In some embodiments, dummy bit lines DBL are used to maintain pattern uniformity of bit lines BL. For example, dummy bit lines DBL are formed at the periphery of the memory array 111 (surrounding bit lines BL) so that the outermost bit lines BL have similar external conditions to the other bit lines BL.

In some embodiments, the multiple dummy bit lines DBL of the memory array 111 include two dummy bit lines DBL located at opposite ends of the memory array 111 (e.g., at opposite ends in direction x), such as the dummy bit line DBL on the left side of segment S0 and the dummy bit line DBL on the right side of segment SN in FIG. According to some embodiments of the present disclosure, the dummy bit lines DBL located at opposite ends of the memory array 111 extend along direction y and have multiple branches extending into adjacent segments (e.g., segment S0 and segment SN). In some embodiments, the outermost branches of the dummy bit lines DBL at both ends of the memory array 111 in the direction y are located on the edges of adjacent segments (e.g., segment S0 and segment SN). Furthermore, the branches of adjacent bit lines BL in the direction y are located between the outermost branches in the direction y. For example, as shown in FIG. 2 , the branch of the bit line BL in segment S0 between segments S0 and S1 is located within the two outermost branches of the dummy bit line DBL on the left side of segment S0 in the direction y.

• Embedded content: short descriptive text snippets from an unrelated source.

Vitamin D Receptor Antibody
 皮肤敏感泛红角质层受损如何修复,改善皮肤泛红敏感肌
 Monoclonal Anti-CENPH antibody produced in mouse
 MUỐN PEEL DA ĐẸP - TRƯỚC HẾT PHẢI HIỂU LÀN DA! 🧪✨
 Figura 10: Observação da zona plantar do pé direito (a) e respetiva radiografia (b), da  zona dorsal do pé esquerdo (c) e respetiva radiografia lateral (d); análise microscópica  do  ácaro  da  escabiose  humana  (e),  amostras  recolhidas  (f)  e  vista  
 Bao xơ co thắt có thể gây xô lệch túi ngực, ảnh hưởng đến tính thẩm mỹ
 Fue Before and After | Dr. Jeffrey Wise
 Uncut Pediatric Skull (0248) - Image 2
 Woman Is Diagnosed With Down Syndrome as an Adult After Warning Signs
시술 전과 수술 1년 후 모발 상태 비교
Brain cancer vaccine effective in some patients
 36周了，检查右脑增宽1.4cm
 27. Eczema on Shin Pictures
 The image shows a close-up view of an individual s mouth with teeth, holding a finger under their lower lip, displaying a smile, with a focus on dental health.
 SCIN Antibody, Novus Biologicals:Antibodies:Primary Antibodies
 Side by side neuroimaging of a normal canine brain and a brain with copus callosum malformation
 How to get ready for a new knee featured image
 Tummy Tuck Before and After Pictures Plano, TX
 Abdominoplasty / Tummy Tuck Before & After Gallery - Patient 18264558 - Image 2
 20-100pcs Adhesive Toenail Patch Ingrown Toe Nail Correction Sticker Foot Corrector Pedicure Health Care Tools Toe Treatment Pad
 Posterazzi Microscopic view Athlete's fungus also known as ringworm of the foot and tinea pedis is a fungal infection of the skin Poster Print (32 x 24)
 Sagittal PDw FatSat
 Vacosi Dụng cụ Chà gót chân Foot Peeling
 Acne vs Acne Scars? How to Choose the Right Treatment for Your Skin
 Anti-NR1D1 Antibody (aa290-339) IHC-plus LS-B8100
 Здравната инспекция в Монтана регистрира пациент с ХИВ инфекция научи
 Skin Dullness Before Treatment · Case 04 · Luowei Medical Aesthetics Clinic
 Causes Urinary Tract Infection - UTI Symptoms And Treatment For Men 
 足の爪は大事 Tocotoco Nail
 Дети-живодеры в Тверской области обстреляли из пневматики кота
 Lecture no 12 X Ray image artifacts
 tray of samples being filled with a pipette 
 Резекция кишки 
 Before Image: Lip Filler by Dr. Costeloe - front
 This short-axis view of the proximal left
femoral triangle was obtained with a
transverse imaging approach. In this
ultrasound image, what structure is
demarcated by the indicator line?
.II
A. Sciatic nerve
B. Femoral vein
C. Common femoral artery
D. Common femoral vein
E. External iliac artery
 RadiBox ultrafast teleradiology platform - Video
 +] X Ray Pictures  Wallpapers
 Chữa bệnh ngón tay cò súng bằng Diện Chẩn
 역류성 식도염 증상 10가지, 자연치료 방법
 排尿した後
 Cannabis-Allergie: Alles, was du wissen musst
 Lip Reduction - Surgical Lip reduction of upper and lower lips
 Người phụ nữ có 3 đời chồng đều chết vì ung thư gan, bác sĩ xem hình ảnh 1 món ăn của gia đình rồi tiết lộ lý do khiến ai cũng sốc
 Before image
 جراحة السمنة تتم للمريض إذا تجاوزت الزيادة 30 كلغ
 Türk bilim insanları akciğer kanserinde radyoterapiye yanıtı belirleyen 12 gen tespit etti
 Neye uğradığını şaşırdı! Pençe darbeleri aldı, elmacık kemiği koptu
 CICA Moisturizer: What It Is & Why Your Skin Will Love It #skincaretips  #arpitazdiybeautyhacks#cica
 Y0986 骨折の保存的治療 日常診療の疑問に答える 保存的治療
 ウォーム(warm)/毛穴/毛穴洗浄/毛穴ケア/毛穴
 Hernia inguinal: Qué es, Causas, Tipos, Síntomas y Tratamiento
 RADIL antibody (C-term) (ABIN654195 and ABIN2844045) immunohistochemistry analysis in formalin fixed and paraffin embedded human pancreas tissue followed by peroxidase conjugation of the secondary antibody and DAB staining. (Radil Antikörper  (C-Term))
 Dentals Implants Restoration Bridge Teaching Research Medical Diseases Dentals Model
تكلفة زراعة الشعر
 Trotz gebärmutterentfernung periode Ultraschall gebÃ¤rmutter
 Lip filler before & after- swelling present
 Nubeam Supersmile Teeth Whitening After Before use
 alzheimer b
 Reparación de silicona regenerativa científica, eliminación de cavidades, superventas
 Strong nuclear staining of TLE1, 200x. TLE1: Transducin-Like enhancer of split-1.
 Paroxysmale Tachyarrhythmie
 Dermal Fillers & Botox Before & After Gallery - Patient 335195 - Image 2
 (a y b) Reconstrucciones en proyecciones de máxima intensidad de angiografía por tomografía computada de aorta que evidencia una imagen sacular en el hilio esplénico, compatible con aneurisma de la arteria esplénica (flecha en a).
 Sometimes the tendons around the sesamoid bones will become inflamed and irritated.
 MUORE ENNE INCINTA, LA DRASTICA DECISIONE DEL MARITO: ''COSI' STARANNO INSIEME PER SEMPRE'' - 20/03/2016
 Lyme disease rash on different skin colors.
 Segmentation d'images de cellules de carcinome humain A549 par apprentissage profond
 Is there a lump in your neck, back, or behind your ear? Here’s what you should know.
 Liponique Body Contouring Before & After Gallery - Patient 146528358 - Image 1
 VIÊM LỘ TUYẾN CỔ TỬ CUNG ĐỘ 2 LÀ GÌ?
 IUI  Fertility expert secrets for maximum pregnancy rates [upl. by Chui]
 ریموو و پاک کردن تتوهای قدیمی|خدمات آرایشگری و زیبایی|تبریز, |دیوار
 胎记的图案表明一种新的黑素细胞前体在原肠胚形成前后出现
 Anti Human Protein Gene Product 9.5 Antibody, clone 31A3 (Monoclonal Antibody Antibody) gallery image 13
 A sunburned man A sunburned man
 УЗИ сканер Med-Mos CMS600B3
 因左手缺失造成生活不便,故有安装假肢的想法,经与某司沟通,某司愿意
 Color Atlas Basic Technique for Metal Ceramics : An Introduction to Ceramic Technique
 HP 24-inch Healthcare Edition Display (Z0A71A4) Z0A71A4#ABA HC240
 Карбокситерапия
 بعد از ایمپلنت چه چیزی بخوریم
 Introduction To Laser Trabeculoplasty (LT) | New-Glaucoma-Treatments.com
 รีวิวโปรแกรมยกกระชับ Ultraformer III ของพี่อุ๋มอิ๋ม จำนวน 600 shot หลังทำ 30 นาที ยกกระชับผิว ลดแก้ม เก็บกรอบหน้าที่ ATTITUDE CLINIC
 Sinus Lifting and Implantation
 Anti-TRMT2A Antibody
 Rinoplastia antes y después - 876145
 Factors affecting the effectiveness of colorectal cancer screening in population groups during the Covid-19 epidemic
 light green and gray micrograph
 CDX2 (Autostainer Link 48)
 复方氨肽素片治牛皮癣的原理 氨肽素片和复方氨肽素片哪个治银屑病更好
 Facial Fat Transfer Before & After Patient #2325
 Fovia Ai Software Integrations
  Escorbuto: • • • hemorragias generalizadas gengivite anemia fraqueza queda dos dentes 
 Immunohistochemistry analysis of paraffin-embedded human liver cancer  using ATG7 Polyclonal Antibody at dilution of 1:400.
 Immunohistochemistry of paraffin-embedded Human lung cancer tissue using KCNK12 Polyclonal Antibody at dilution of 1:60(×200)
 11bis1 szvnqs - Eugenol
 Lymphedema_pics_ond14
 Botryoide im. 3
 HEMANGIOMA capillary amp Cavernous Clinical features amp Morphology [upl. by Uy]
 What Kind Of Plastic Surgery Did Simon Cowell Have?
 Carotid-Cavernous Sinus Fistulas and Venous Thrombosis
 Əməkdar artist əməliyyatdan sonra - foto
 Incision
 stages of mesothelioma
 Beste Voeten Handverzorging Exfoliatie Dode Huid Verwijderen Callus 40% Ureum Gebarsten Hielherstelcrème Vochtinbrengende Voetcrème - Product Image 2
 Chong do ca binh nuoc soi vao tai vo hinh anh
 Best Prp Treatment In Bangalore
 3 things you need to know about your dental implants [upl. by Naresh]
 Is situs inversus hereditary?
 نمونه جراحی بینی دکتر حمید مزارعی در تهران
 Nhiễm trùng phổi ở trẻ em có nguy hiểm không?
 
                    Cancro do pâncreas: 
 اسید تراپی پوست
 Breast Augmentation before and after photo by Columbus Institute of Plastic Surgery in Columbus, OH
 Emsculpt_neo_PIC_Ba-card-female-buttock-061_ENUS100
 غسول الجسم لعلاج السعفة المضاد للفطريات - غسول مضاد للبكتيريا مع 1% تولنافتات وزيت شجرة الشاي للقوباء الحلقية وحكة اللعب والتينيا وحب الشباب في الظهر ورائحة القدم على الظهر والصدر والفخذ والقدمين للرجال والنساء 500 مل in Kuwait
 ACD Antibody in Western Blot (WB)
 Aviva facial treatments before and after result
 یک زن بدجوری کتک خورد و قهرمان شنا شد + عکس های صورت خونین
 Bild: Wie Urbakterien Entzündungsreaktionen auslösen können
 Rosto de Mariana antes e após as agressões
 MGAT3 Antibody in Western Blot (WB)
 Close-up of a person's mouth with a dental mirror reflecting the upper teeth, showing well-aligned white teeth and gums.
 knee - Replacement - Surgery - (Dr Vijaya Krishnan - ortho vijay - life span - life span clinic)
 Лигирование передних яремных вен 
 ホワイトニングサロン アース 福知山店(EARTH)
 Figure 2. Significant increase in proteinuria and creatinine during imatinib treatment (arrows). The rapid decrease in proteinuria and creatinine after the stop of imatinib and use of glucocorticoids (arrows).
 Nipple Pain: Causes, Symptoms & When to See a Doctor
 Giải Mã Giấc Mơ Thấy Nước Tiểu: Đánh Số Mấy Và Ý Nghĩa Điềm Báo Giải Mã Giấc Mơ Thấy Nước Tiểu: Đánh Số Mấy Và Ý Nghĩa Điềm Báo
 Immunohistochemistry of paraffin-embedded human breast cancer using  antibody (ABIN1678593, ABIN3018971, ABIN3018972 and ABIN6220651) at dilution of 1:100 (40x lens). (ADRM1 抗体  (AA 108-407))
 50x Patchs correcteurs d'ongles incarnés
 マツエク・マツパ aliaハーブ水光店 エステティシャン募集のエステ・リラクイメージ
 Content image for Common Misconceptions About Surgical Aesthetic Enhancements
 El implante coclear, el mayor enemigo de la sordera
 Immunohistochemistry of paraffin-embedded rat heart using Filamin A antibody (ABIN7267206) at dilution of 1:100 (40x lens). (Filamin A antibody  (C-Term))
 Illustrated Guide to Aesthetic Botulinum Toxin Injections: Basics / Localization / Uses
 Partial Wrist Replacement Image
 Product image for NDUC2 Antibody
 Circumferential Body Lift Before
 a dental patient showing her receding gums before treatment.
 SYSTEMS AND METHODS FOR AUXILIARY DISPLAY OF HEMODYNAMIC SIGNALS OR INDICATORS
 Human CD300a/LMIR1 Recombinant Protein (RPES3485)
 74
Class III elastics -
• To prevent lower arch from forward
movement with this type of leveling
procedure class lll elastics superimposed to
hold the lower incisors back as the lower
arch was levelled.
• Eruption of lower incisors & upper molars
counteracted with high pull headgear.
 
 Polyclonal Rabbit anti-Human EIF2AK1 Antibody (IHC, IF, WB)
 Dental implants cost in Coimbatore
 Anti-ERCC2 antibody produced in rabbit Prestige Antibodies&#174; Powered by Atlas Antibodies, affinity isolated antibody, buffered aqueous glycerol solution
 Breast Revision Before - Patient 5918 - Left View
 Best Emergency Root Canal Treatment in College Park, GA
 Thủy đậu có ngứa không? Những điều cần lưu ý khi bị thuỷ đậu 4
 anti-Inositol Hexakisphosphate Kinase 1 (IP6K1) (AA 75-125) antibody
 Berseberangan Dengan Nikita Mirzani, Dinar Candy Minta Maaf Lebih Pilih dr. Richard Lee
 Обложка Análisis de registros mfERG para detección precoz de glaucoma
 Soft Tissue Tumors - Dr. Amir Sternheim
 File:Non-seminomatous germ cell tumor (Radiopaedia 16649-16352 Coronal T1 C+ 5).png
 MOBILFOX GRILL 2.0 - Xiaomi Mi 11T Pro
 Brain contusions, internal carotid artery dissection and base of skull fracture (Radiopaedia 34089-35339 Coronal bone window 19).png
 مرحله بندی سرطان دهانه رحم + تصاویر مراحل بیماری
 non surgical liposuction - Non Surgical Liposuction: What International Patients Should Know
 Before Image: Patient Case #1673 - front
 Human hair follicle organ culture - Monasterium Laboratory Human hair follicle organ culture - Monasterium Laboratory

In some embodiments, some dummy bit lines DBL are arranged between segments of the memory array 111. According to some embodiments, a dummy bit line DBL is arranged between every three segments in the memory array 111. For example, in the embodiment shown in FIG. 2 , along direction x, a dummy bit line DBL is arranged after segments S0 and S1, a dummy bit line DBL is arranged after segments S3 and S4, and so on.

As shown in FIG. 2 , the inter-segment dummy bit line DBL (e.g., the dummy bit line DBL between segments S1 and S2) has multiple branches. In some embodiments, the inter-segment dummy bit line DBL has four branches, located at the edge of the memory array 111 and extending into adjacent segments. According to some embodiments, the branches of the dummy bit line DBL are located outside the branches of the bit lines BL. For example, in a segment (e.g., segment S0), the branches of the dummy bit line DBL surround all the branches of the bit lines BL in the direction y.

The configuration of FIG. 2 is provided for illustrative purposes. Various implementations of FIG. 2 are contemplated within the scope of the present disclosure. For example, in some embodiments, portions of bit lines BL and dummy bit lines DBL between segments (e.g., bit lines BL and dummy bit lines DBL between segments S1 and S2) extending along direction y overlap in terms of layout perspective.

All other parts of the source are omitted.